6 de nov. de 2012




TROFÉU DO CENTENÁRIO




O América era favorito ao título extraordinário de Campeão do Centenário da Independência. Porém, o que era lógico foi se desfazendo nas chuvas de julho, com jogos adiados e a derrota inesperada diante do Torre – um gol solitário de Hermógenes em tarde inspirada. Além de tudo, havia os oito minutos que ficaram pendentes da estreia do alviverde no campeonato contra o Sport.

O América marcara duas vezes com Araújo e Merinha. Os rubro negros descontaram com Péricles, no entanto, a luz do dia disse adeus quando faltavam oito minutos para se encerrar o tempo regulamentar. A partida foi postergada diversas vezes até se transformar nos famosos 'oito minutos' do dia 25 de novembro de 1922.

Dias antes daqueles famosos oito minutos, o América teve encontro de vida ou morte contra o Flamengo. Caso vencesse, bastaria segurar o ímpeto leonino da partida adiada. Já o empate colocaria o América com o mesmo número de pontos dos rivais. Mas a derrota diante do Flamengo seria fatal; o América entregaria de mão beijada o troféu mais importante da história do campeonato pernambucano.

Muita gente esperava simples amistoso, entretanto, o Flamengo que já não almejava mais nada no certame, veio com sua melhor formação e fome de bola. Com 4 minutos de jogo, Mirandinha dribla a defesa alviverde e estufa o barbante de Nhozinho. Será que o Flamengo ia dobrar o grêmio esmeraldino? Que nada! Aos 10 minutos, Rubens comete pênalti ao tocar a mão na bola. O próprio Rubens ajeita por superstição a bola na marca penal fazendo umas mandingas.
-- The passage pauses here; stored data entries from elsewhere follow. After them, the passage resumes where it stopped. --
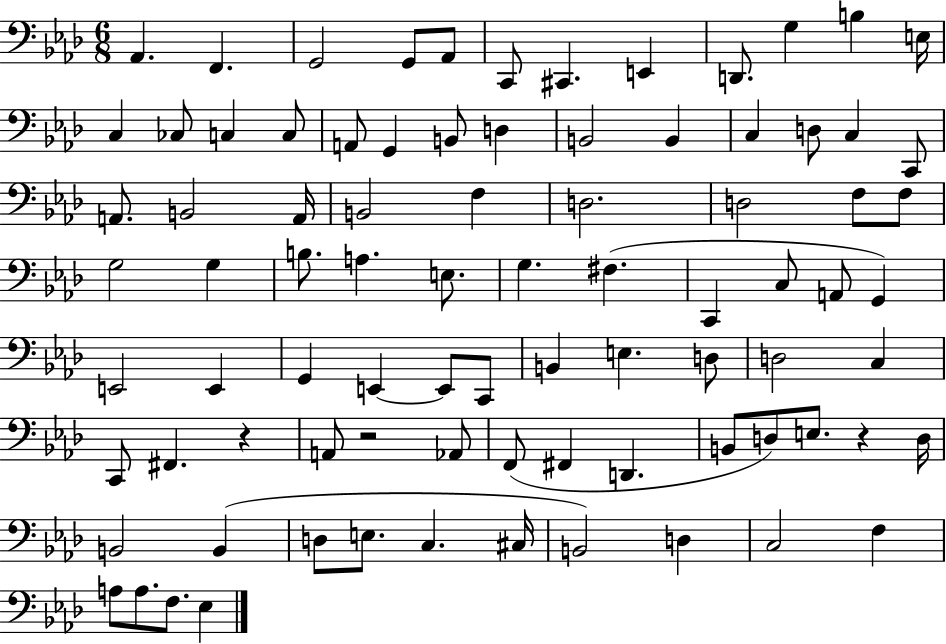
{
  \clef bass
  \numericTimeSignature
  \time 6/8
  \key aes \major
  aes,4. f,4. | g,2 g,8 aes,8 | c,8 cis,4. e,4 | d,8. g4 b4 e16 | \break c4 ces8 c4 c8 | a,8 g,4 b,8 d4 | b,2 b,4 | c4 d8 c4 c,8 | \break a,8. b,2 a,16 | b,2 f4 | d2. | d2 f8 f8 | \break g2 g4 | b8. a4. e8. | g4. fis4.( | c,4 c8 a,8 g,4) | \break e,2 e,4 | g,4 e,4~~ e,8 c,8 | b,4 e4. d8 | d2 c4 | \break c,8 fis,4. r4 | a,8 r2 aes,8 | f,8( fis,4 d,4. | b,8 d8) e8. r4 d16 | \break b,2 b,4( | d8 e8. c4. cis16 | b,2) d4 | c2 f4 | \break a8 a8. f8. ees4 | \bar "|."
}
Juju finge que nem vê e empata a peleja. Os ponteiros do América fazem a diferença e Juju num forte chute desempata. O América marca outras duas vezes e aumenta o escore para 4 a 1. Tasso pelo América e Tota pelo Flamengo perdem inúmeras chances de marcar. No final, Mirandinha diminui: 4 a 2.

Faltavam os oito minutos de América x Sport.

Faltava sangue, suor e lágrimas...

Mas o troféu tinha destino marcado com o América.

Naquele extraordinário ano de 1922, o título de campeão do Centenário foi o sonho dos grandes clubes brasileiros, um sonho que transformaria em eternos os esquadrões que conseguissem a façanha de erguer o cetro máximo estadual.

Na Bahia, o campeão do Centenário foi o Botafogo. No Ceará, deu Ceará Sporting. Em São Paulo, a glória foi corintiana, no Maranhão deu Luso-Brasileiro, os gaúchos vibraram com o Grêmio e os paranaenses com o Britania.  

Porém, fato inesquecível para os fãs de Belfort Duarte, 1922 foi um ano glorioso para os Américas em todo o Brasil.

Foram campeões estaduais e do Centenário o América-PE, o América mineiro, o América potiguar e o América carioca.